Recommended tuning for huge monorepos:

  • lower maxDepth to 2 or 3 if READMEs are mostly near the root
  • lower maxScannedEntries to cap worst-case startup and per-picker-session scanning latency
  • add generated/vendor folders to ignoreDirs
  • narrow pickableExtensions to only the file types you care about
  • lower maxDefaultFiles if too many READMEs are injected by default
  • set enabled: false and use manual @file references if you do not want automatic context injection

If a scan hits a limit, moonpi shows a warning in startup notifications or /pick.

The system prompt also instructs the model to keep selected project documents up to date, making README.md and SPECS.md living project documents instead of abandoned archaeology.

TODO List Tool

moonpi includes a TODO list tool that can be updated at any moment.

Whenever an item is modified, the current full state of the TODO list is returned to the model.

This keeps the agent grounded in the actual progress of the task instead of relying on vibes, memory, or whatever it hallucinated three messages ago.

Filesystem Guardrails

moonpi adds practical file access rules.

Stay inside the working directory

Reads, writes, and edits outside the current working directory are rejected.

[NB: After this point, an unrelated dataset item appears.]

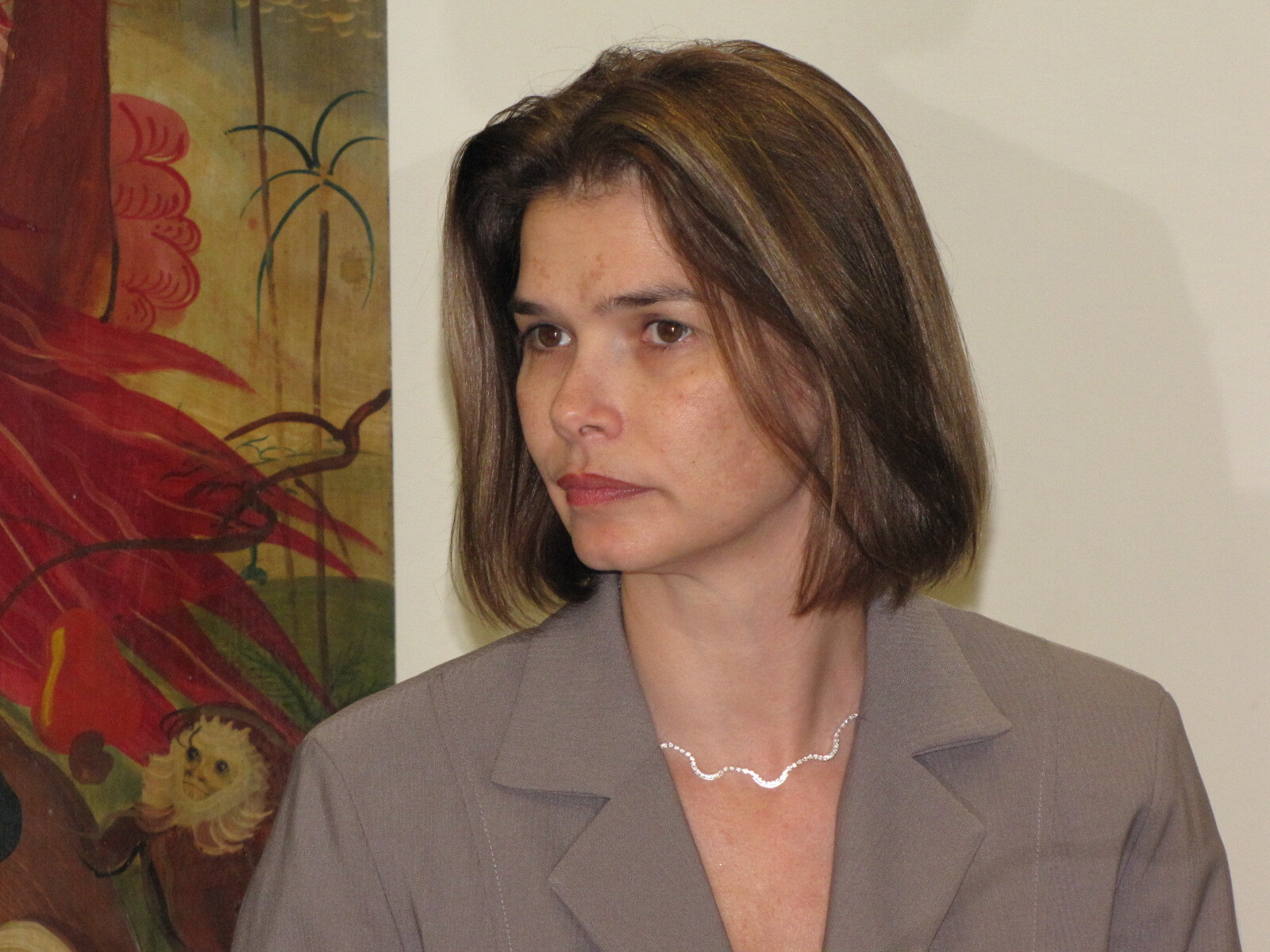 Dos Gabinetes – Angela Albino pede esclarecimentos sobre Hospital Florianópolis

This is not presented as magical security theater. It is a behavioral constraint that helps steer the model toward project-scoped work.

Allowed paths

When cwdOnly is enabled, you can grant the agent read access to specific directories outside the project via guards.allowedPaths. This is useful when the agent needs to read its own documentation, extension files, or shared configs that live outside the working directory.

{
  "guards": {
    "allowedPaths": [
      "~/.pi/agent",
      "/home/user/Projects"
    ]
  }
}

Paths support ~ expansion (resolved to home directory) and relative paths (resolved from cwd). Only read access is granted for allowed paths - writes and edits are still restricted to the working directory.

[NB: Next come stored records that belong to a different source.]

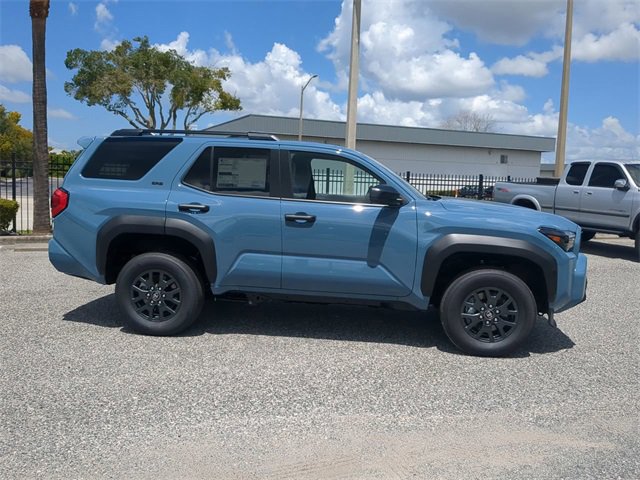New 2026 Toyota 4Runner SR5 image 3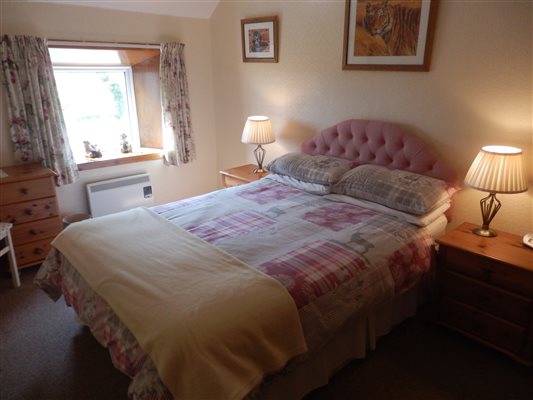double bedded room double bedded room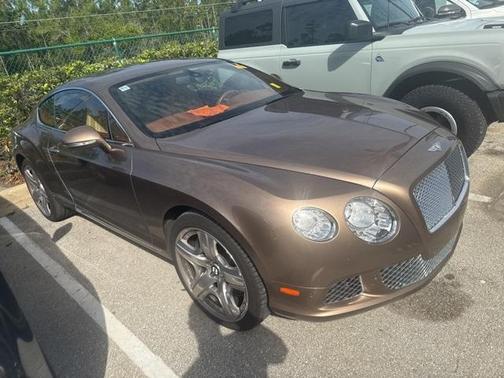 2012 Bentley Continental GT Base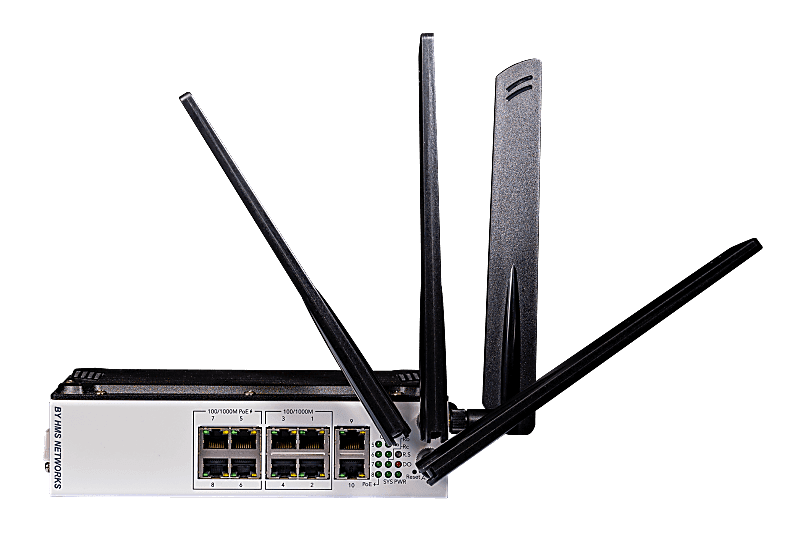 HMS Networks NV1000 Wireless Router 5G NV1000 on Powermatic Associates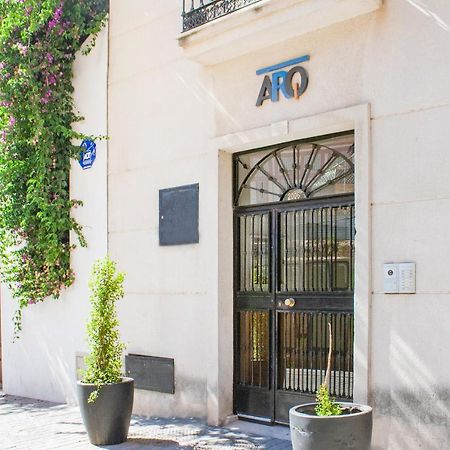 Zenith Apartment, Malaga City Center ภายนอก รูปภาพ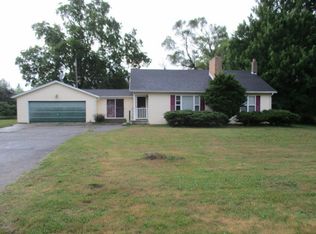 11360 W Wise Rd, Greenville, MI 48838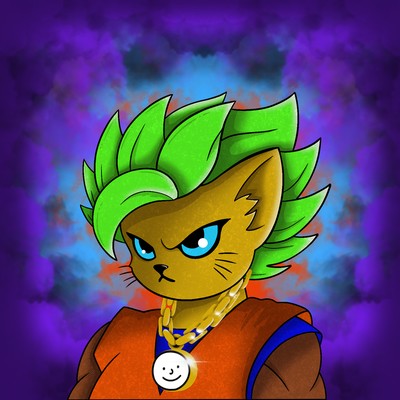 Kitty Ball Z  6835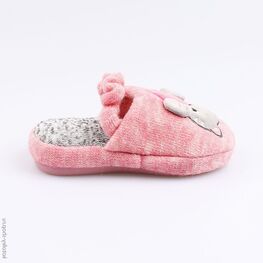331075-11 Тапочки для девочки розовый фото №2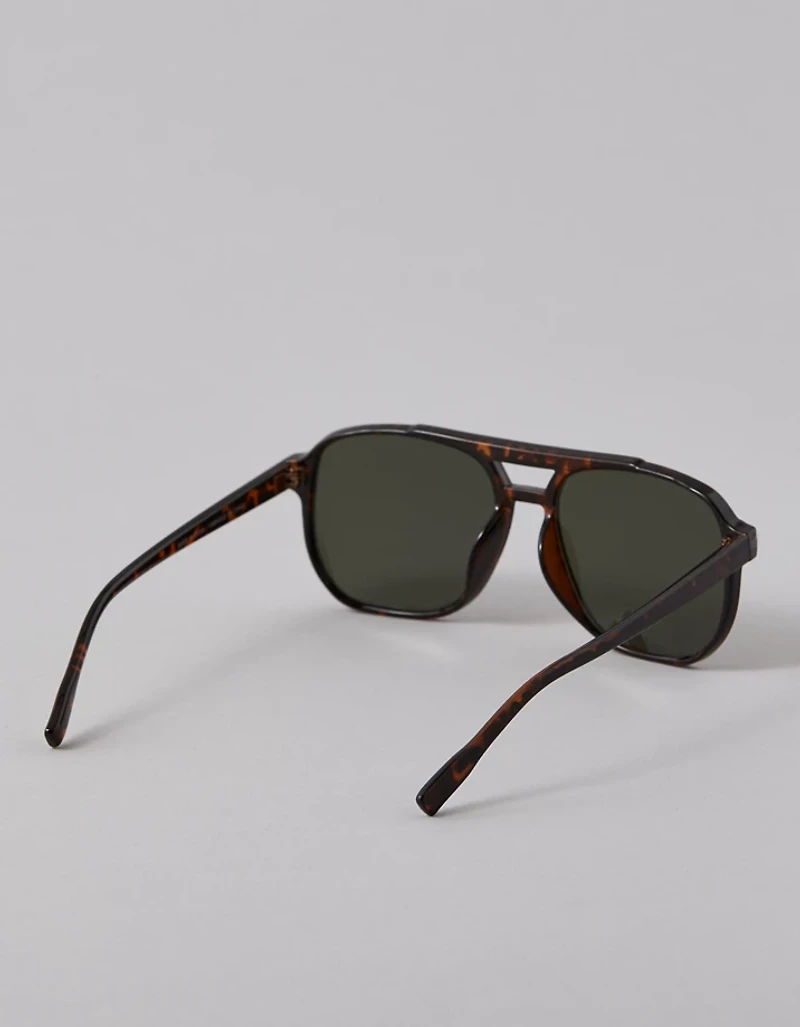 AEO Retro Pilot Sunglasses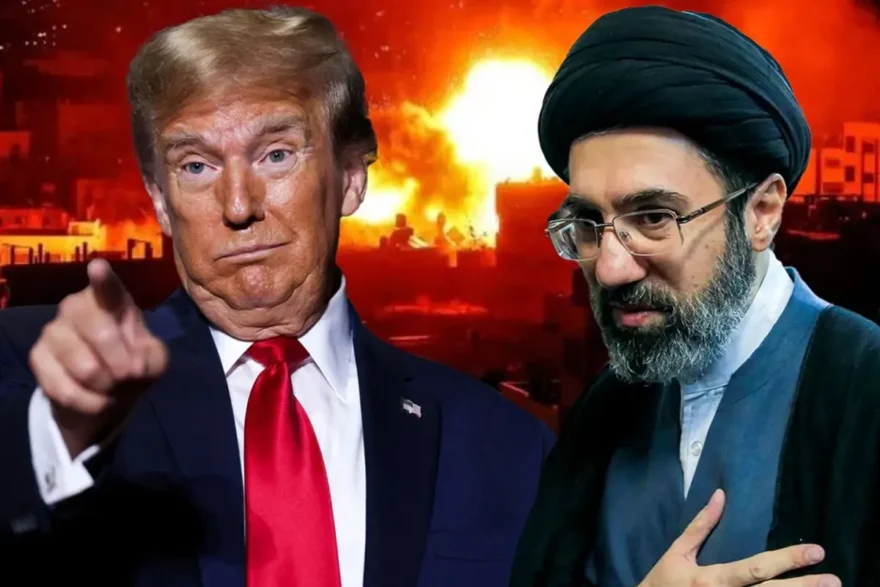 Trump: İran Anlaşma İstiyor Ama Halklarından Korkuyorlar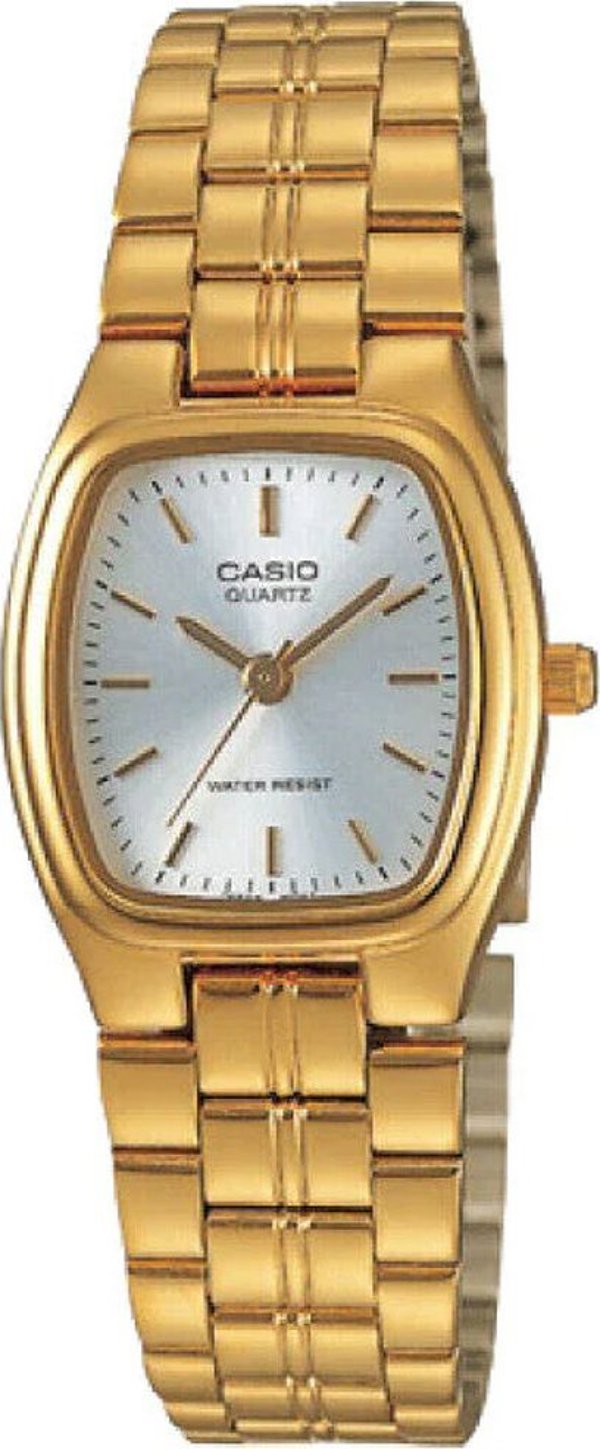Χρυσό γυναικείο ρολόι Casio LTP-1169N-7A + BOX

The setting works in both global (~/.pi/agent/moonpi.json) and project-level (.pi/moonpi.json) configs.

Read before write

moonpi requires the model to read a file before writing to it.

If the model tries to write to a file without reading it first, the write tool returns an error.

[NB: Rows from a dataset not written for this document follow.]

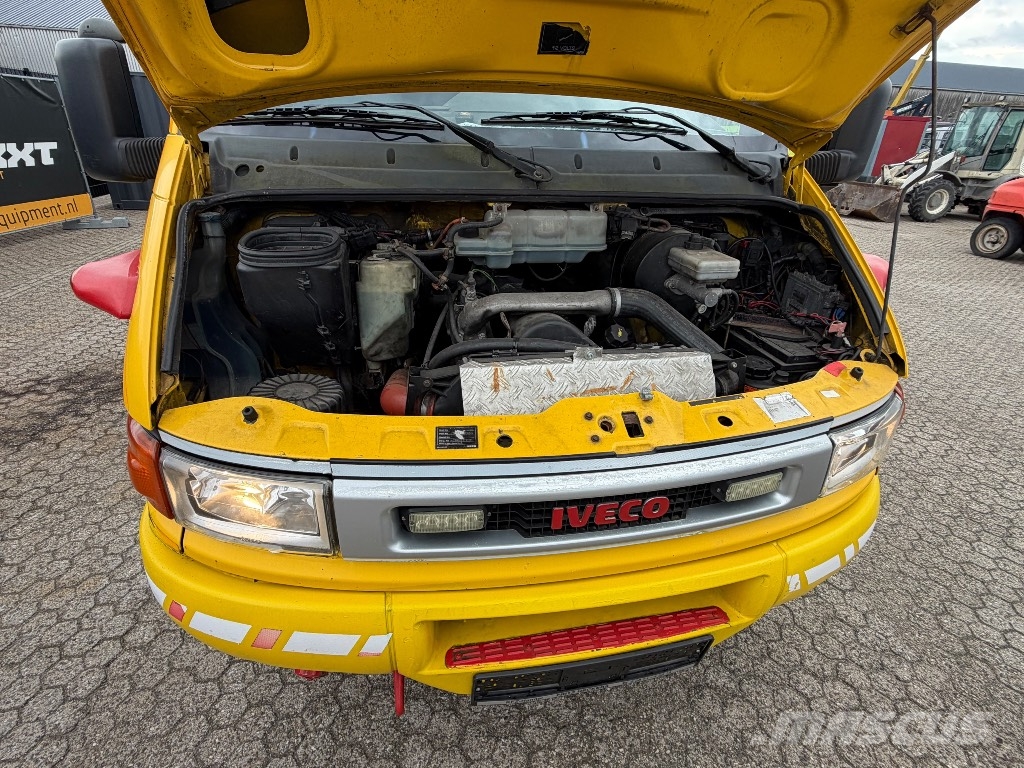 Iveco Daily 65 C15 Hinausautot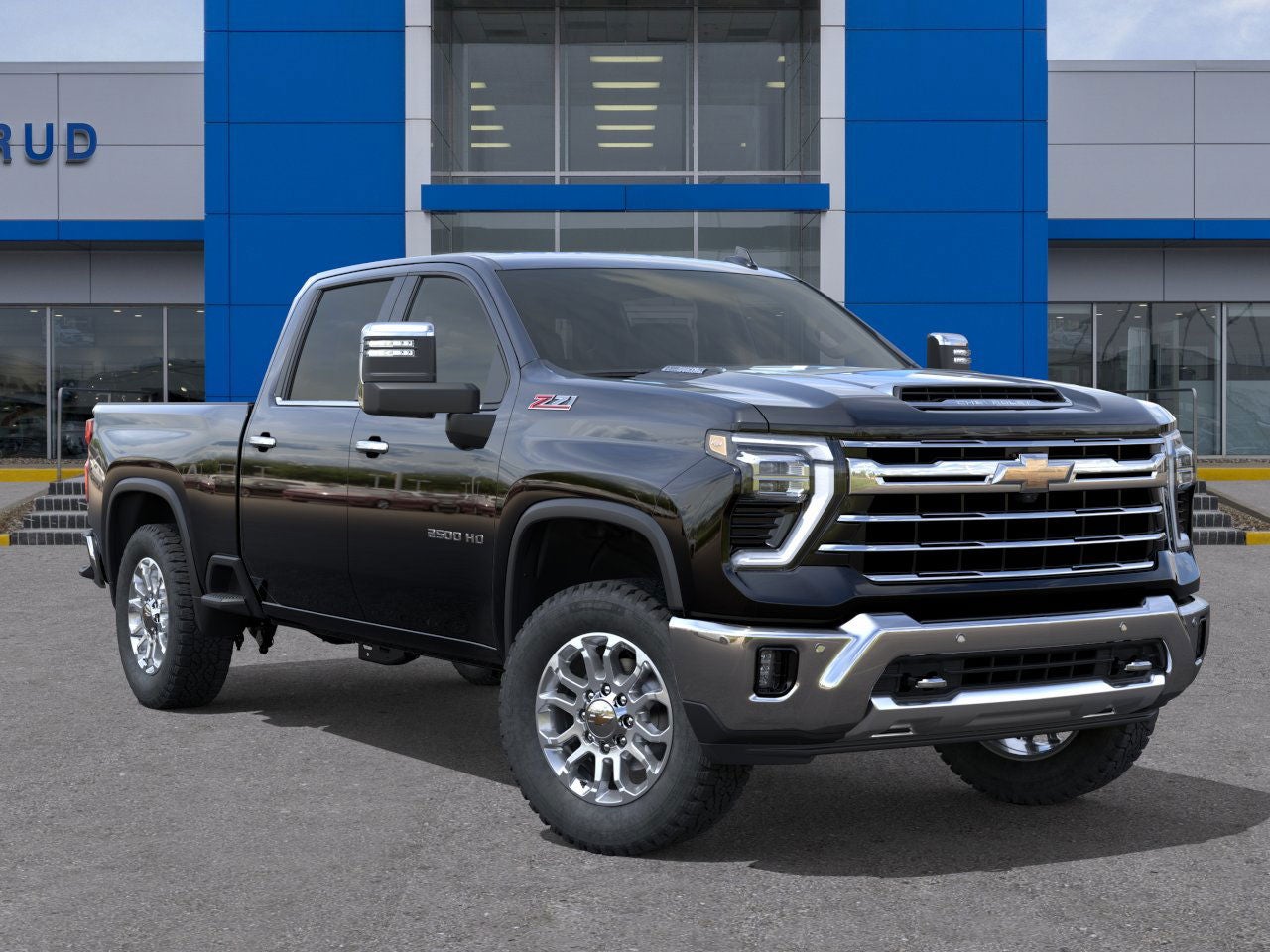 2026 Chevrolet Silverado 2500 HD LTZ
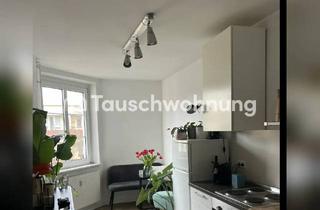 Tauschwohnungen in Schubertstraße 17, 22083 Barmbek-Süd, Tauschwohnung: 1,5 Zimmer Wohnung in Barmbek Süd gegen größer HH Westen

This prevents careless overwrites and forces the agent to inspect the current state of a file before modifying it.

Why moonpi?

moonpi is not trying to be a giant agent framework.

It does not try to invent a new architecture for every task.

It does not summon a committee of subagents to discuss whether a file should be edited.

It gives the coding agent a simple structure:

  • plan when needed
  • act when needed
  • keep the plan in context
  • inject the right project files up front
  • track work explicitly
  • stay inside the project
  • read before writing
  • compact after meaningful phases
  • keep project docs alive

That is usually enough.

And when it is not enough, it is still better than burning tokens on fake organizational charts for imaginary agents.

Fun Fact: I used moonpi to build moonpi, making it a bootstrapped coding agent.